A magnetic resonance tomograph with magnetization transfer is shown in the drawing.

The output of the magnet 1 power supply is connected to the resistive magnet 2; the output of the controller 3 is connected by a digital bus to the computer interface 4, and the analog outputs of the controller are connected to the control inputs of the radio frequency 5 and the controlled power supply of the gradient coils 6, the output of which is connected to the system of coils to create pulsed gradient magnetic fields 7; the output of the radio frequency generator 5 is connected to a switch 8, to which an NMR signal sensor 9 and an amplifier 10 are connected; and the output of the amplifier 10 is connected to the input of the detector 11, the output of which is connected to the input of the controller 3, the resistive magnet 2 is equipped with an additional winding 12, which is connected to the output of the power source 13, the input of which is connected to the switch 8.

The work of the magnetic resonance imager with the transfer of magnetization is as follows.

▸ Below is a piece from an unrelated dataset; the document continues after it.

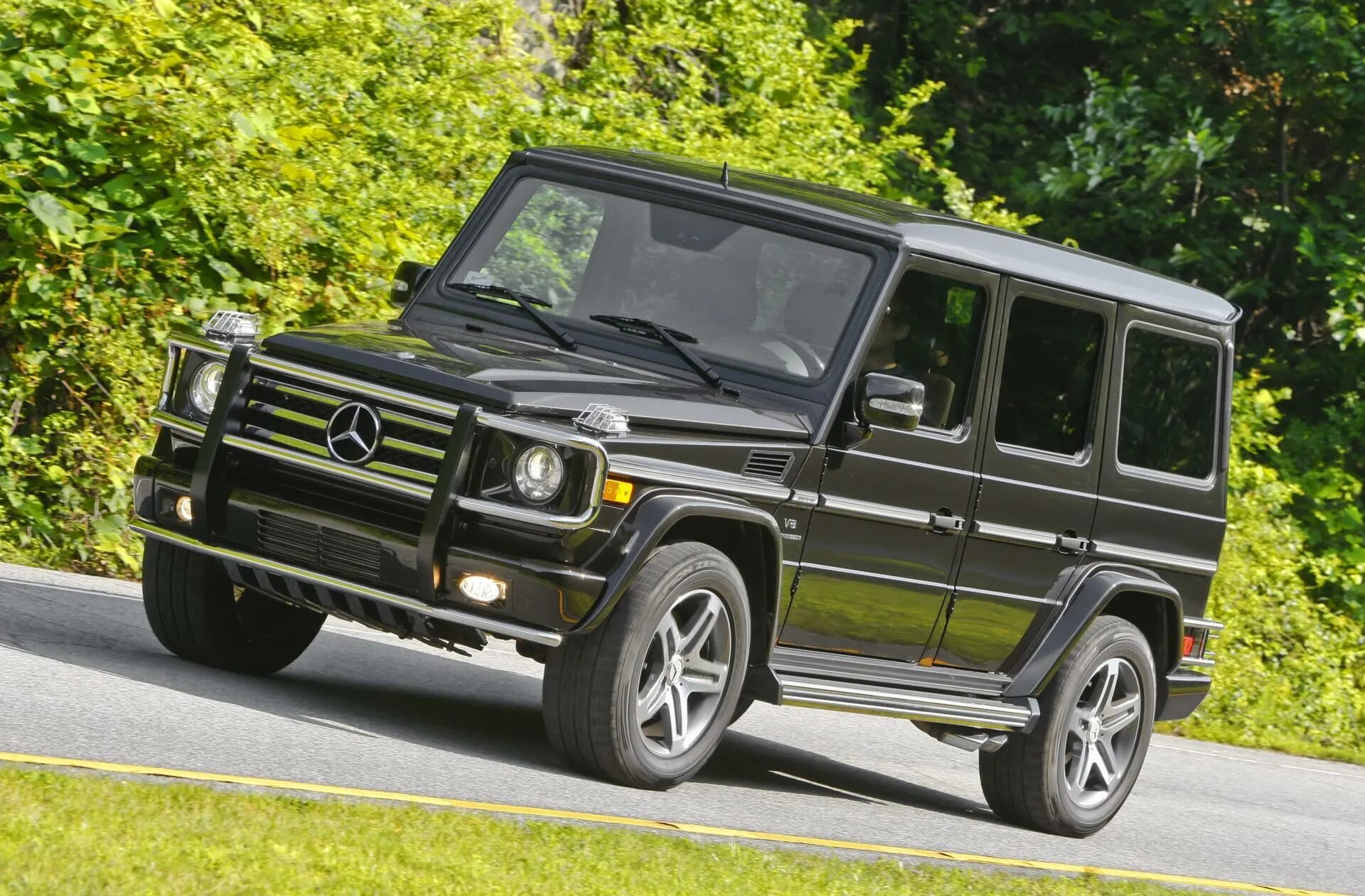 Mercedes Benz g55. Mercedes-Benz g-class g500 AMG. Mercedes g55 AMG. Мерседес Бенц g500 AMG.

The uniform constant magnetic field of the resistive magnet 2, which is connected to the power source of the magnet 1, creates nuclear magnetization in the object under study. An RF pulse generated by the RF generator 5, the input of which is connected to the corresponding output of the controller 3, is sent to the switch 8 by the command of the latter. One of the inputs of the switch 8 is connected to the output of the RF generator 5, and its output is connected to the NMR sensor 9 so that the RF the pulse from the output of the generator 5 acts on the NMR sensor 9 and excites a precessing nuclear magnetization signal in the object. After the end of the action of the radio frequency pulse, on the command of controller 3, switch 8 on selects the power supply 13 of the additional winding 12 and at the same time, at the command of controller 3, the switch 8 turns on the radio-frequency pulse generator 5. One of the outputs of the switch 8 is connected to the input of the amplifier 8 and the corresponding input of the switch 8 is connected to the output of the NMR sensor 9 and the signal of the precessing nuclear magnetization with NMR sensor 9, amplified by transferring magnetization from free water nuclei to bound water nuclei, enters the input of amplifier 10 through switch 8, only after the end of the action of the radio frequency pulses sa. The signal from the NMR sensor 9 is amplified by an amplifier 10, from the output of which it enters the detector 11.

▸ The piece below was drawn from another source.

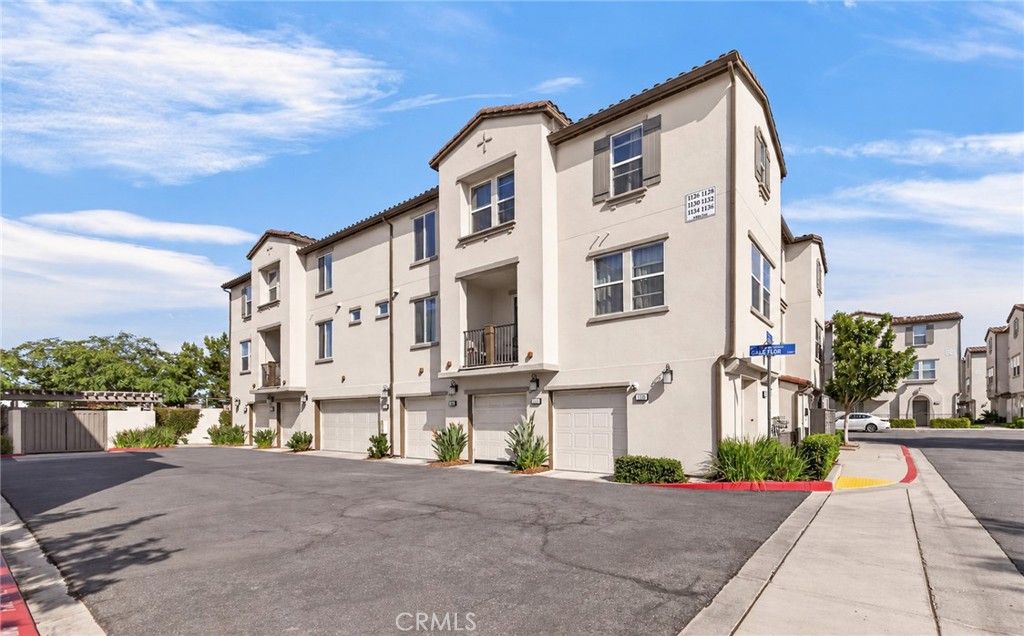 1132 Calle Flor, Montebello, CA 90640 — photo 4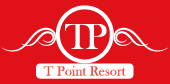 logo-image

The power source of the gradient coils 6, the corresponding input of which is connected to the corresponding output of the controller 3, on a command from the computer 4, supplied during the action of the radio frequency pulse and receiving the NMR signal through the controller 3, generates gradient magnetic field pulses in the system of gradient coils 8, acting so which provides spatial coding of NMR signals.

The NMR signal generated in this way from the detector 11, the output of which is connected to the corresponding input of the controller 3, from the output of the controller 3 is sent to the computer 4, where the signal is mathematically processed in order to reconstruct the magnetically resonant image (tomogram) amplified by transferring the magnetization of the nuclei.

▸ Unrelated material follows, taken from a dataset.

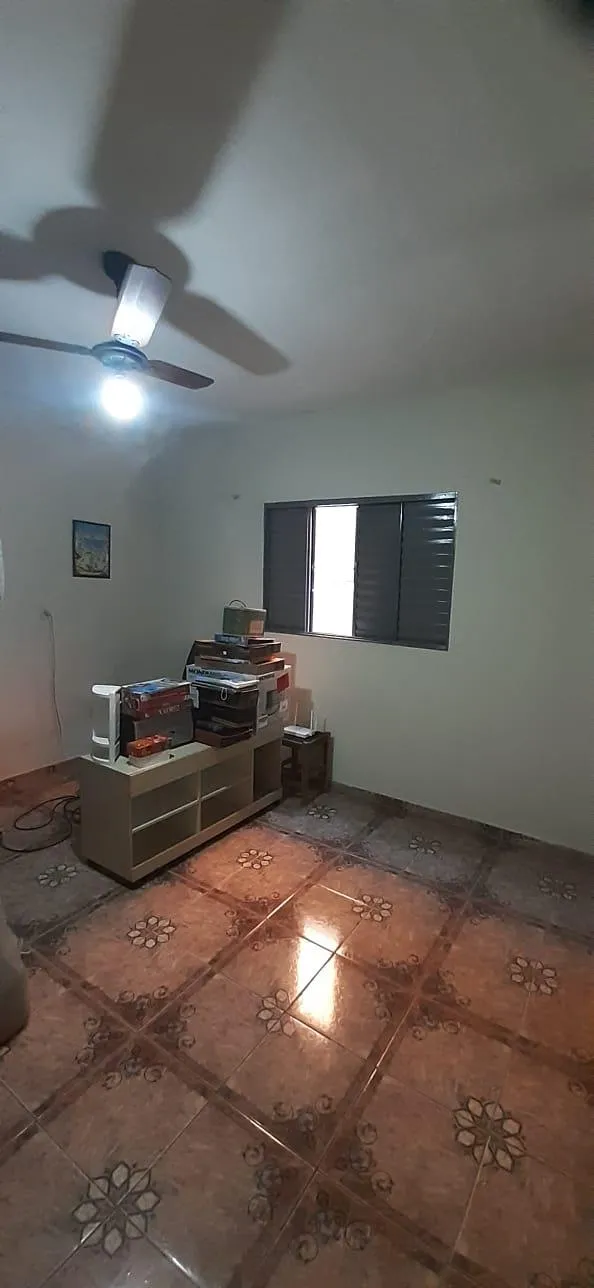 Casa com 3 quartos à venda, 180m² — foto 4 de 14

As can be seen from the description of the operation of the proposed tomograph, the inclusion of an additional winding and a source of its power in the magnetic resonance tomograph leads to an increase in the signal of the precessing nuclear magnetization in the object and, thereby, an increase in the sensitivity and, therefore, the contrast of the tomographic image is achieved.

Claims (1)

A magnetization transfer magnetic resonance imaging scanner containing a magnetic field source in the form of a resistive magnet, inside of which there is a system of coils for creating pulsed gradient magnetic fields and an induction sensor for nuclear magnetic resonance signals, a power system for a resistive magnet and gradient coils, an RF pulse generator with a filling frequency equal to frequency of nuclear magnetic resonance, amplifier and detector of a signal of nuclear magnetic resonance, controller and computer, characterized by We note that the resistive magnet is equipped with an additional winding and an additional power supply is connected, connected to the additional winding and the switch.